|Johnny Depp and Armie Hammer|
The image and the discussions surrounding it raise the issue of authenticity.
Depp's headpiece has gathered the most attention. (For the moment, I will set aside the issue of casting Depp as an American Indian.) Some friends were pointing out that the headpiece seems inspired by a painting (I am Crow by Kirby Sattler). This accessorized bird raises the question of why would Tonto be wearing a headpiece from the Crow? Tonto was apparently Apache or Potowatomi (I have seen different references from histories of The Lone Ranger series). After the 1830s the Potowatomi would have lived primarily in Kansas and Nebraska, having ceded their lands in Michigan, Wisconsin, and Illinois. At the same time, the Apache lived pretty much where they always had: New Mexico, Arizona, West Texas, and Northern Mexico. At that time, the Crow were living in Montana and Wyoming.
So some might ask how Tonto would have come upon such a headpiece. Perhaps he saw it in a J. Crow catalog.
No one ever wonders about the Lone Ranger's mask -- is that really going to keep anyone from recognizing him? We understand the mask to be functioning as the sign of "disguise" and we do not question its ability to truly hide an identity.
No one asks about the historical accuracy of a Texas Ranger being friends with an American Indian. One of the main reasons for the creation of the Texas Rangers was to kill Indians. The Comanches on the western edge of Texas were giving the Texans fits, and so the Rangers were sent out to deal with them.
The Lone Ranger is a historical fantasy, not history. A historical fantasy tries to rewrite the past to make it more consistent with the present. People re-imagine their past to reinforce their beliefs about themselves today. America wants to think of itself as racially tolerant, as completely comfortable in its multicultural self, so it imagines a Texas Ranger and an American Indian being great friends to help it forget the ugly facts of frontier history.
|Clayton Moore & Jay Silverheels|
Is it silly to ask for authenticity in depictions of Tonto? The character of Tonto never had any authenticity. Like many American Indians in American film and literature, he was the figment of white America's imagination.

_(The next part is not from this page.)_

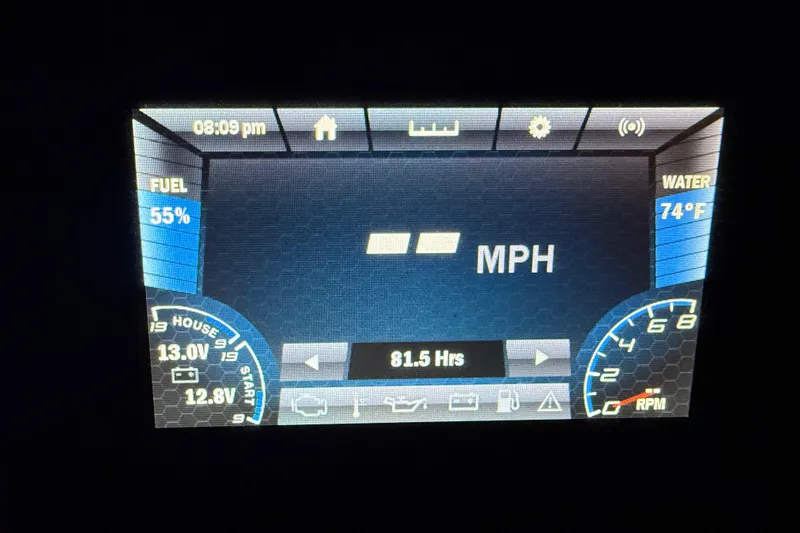 Slide: The Image of Dashboard display of a 2020 Yamaha Boats 195 FSH Sport showing speed, fuel, and water temperature. - 7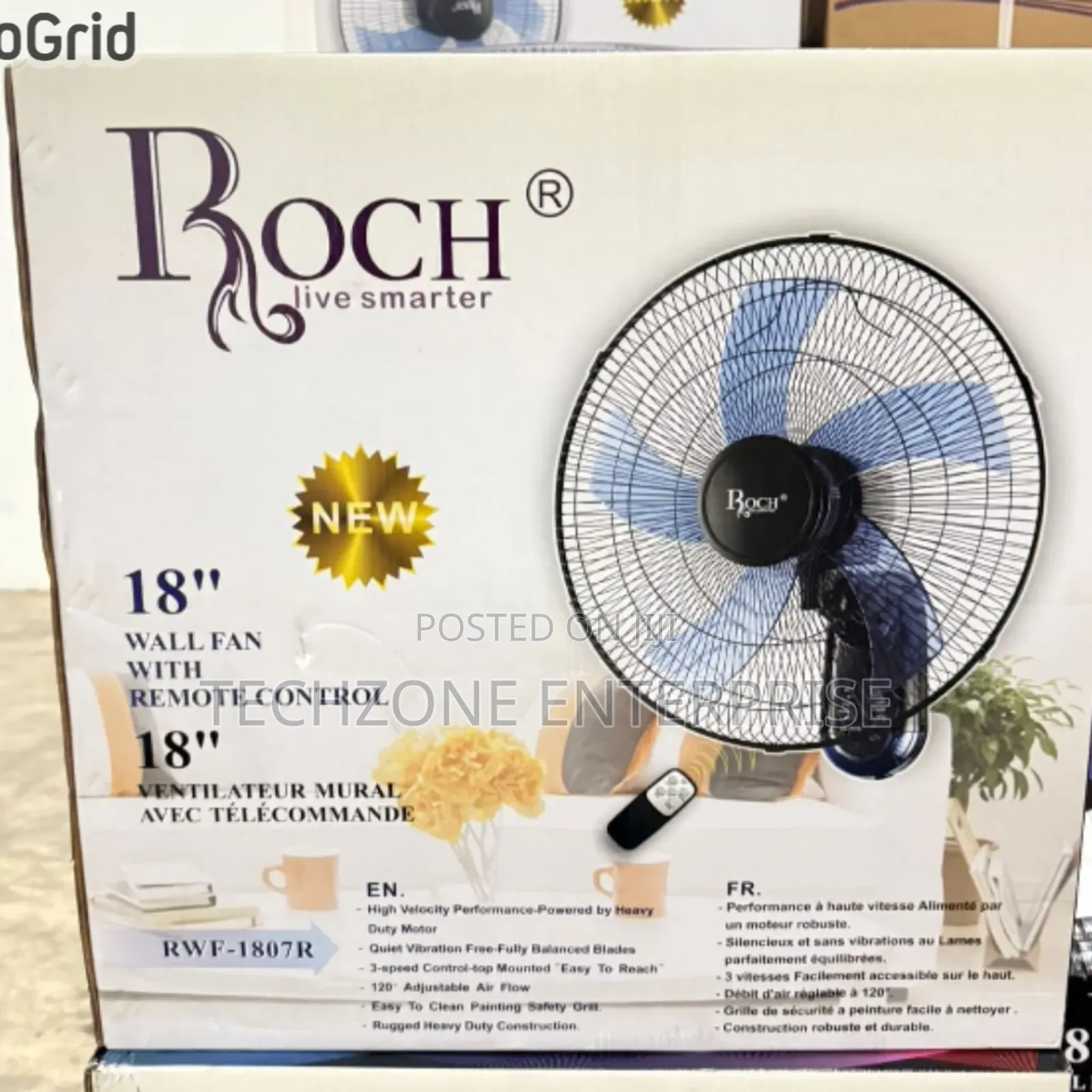 Roch Wall Fan 18" With Heavy Duty Motor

I do not want dismiss the real-world implications of such stereotypical depictions. I wrote about this in "Symbolic Indians vs. Smiling Indians." But the whole Lone Ranger franchise is a kind of drag show, so perhaps no one should take it too seriously. Perhaps we should lean back and laugh at its latest version, even laughing at the parts it may be trying to get right. Or at least wait until the movie is released and see how it all plays out.